EXERCISE DETAILS:
Beginning with the line that contains "Beden Renk FENTY BEAUTY KONTÜR" and ending with the line that contains "کودکان غزه برای یافتن کمی غذا", reproduce the lines of the entries below exactly, omitting pictures.

RECORDS PROVIDED:

---

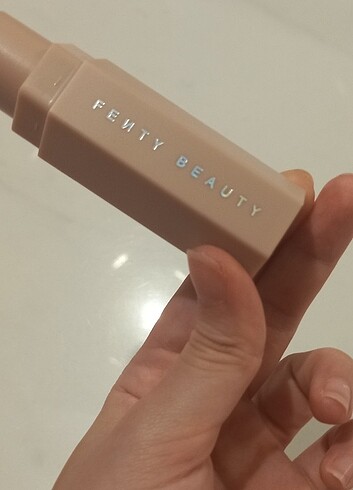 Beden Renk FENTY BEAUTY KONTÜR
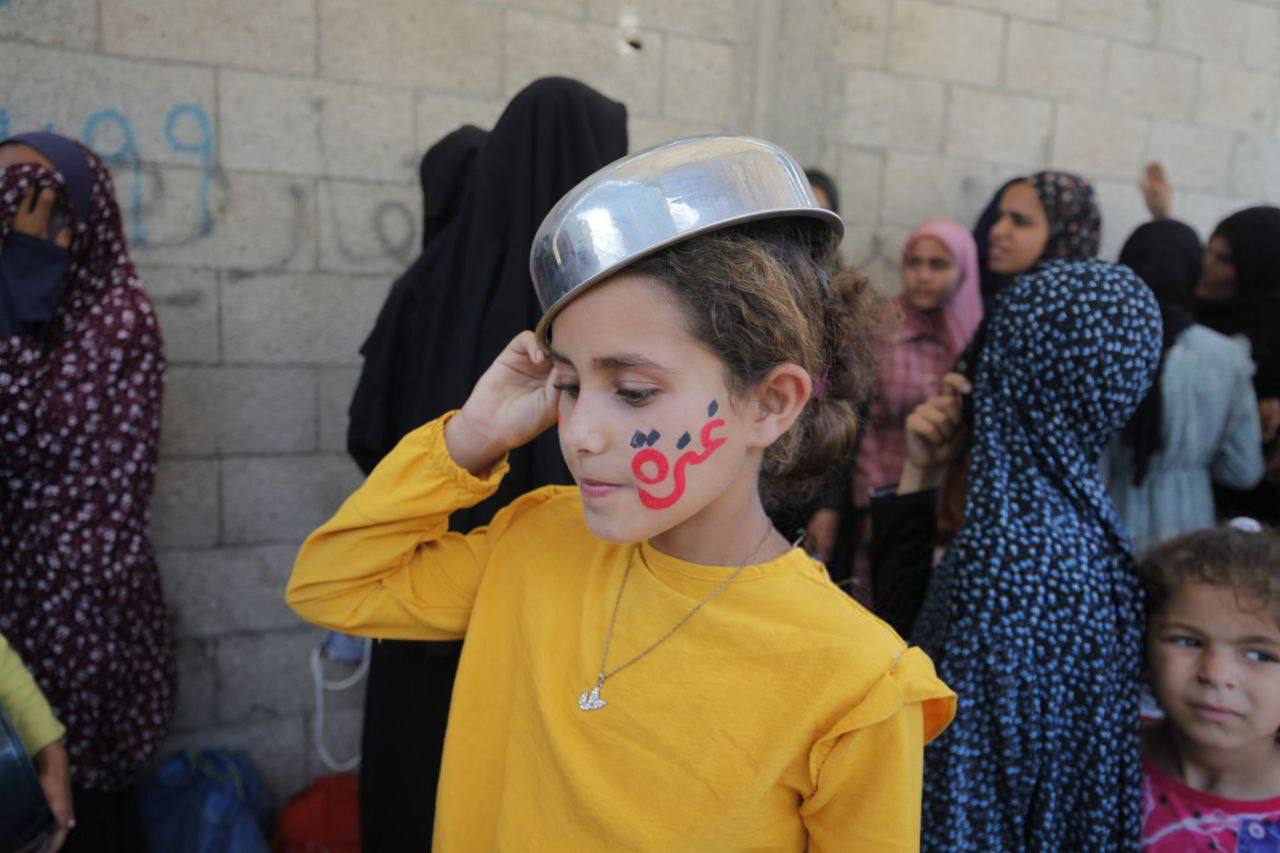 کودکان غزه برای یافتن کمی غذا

---

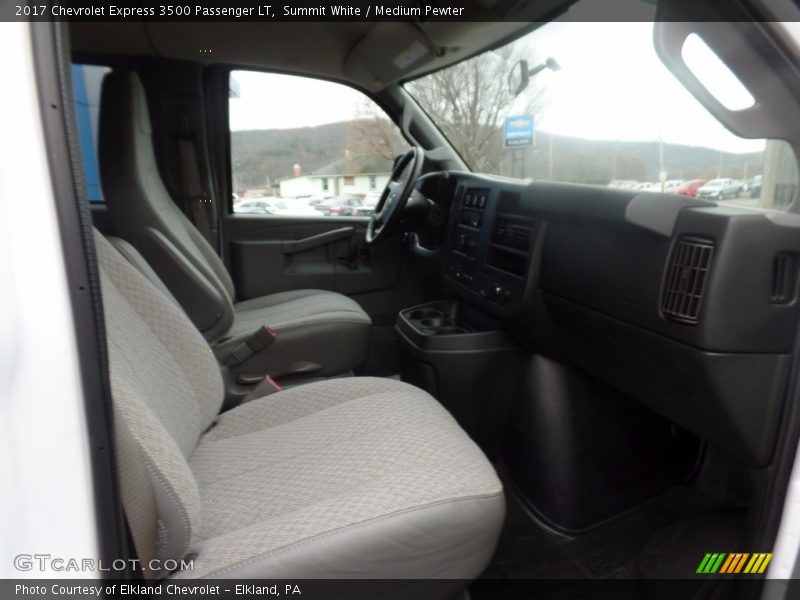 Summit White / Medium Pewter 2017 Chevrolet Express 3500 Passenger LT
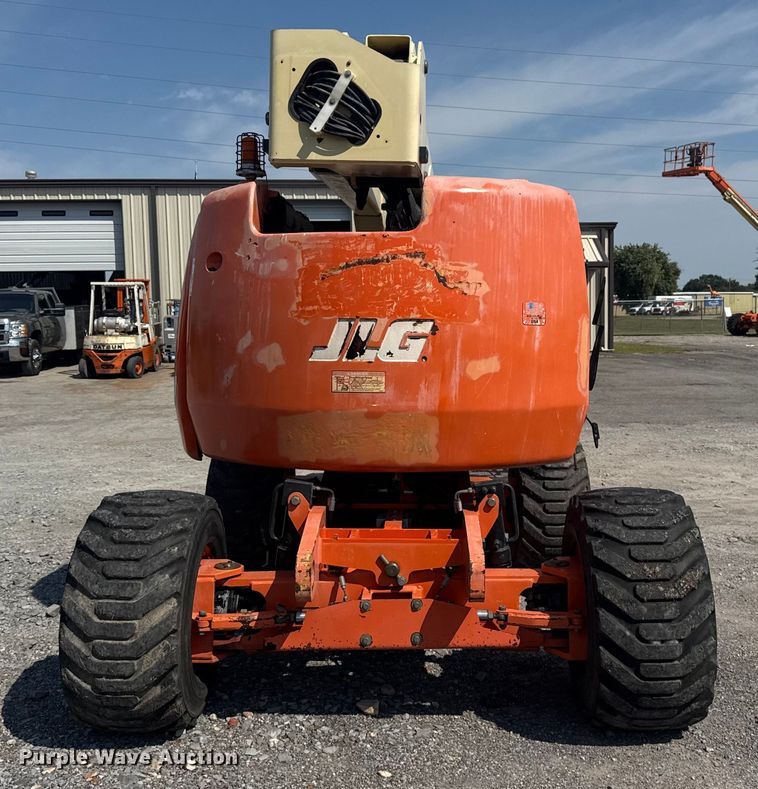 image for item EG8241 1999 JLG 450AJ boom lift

---

TASK RESULT:
 Beden Renk FENTY BEAUTY KONTÜR
 کودکان غزه برای یافتن کمی غذا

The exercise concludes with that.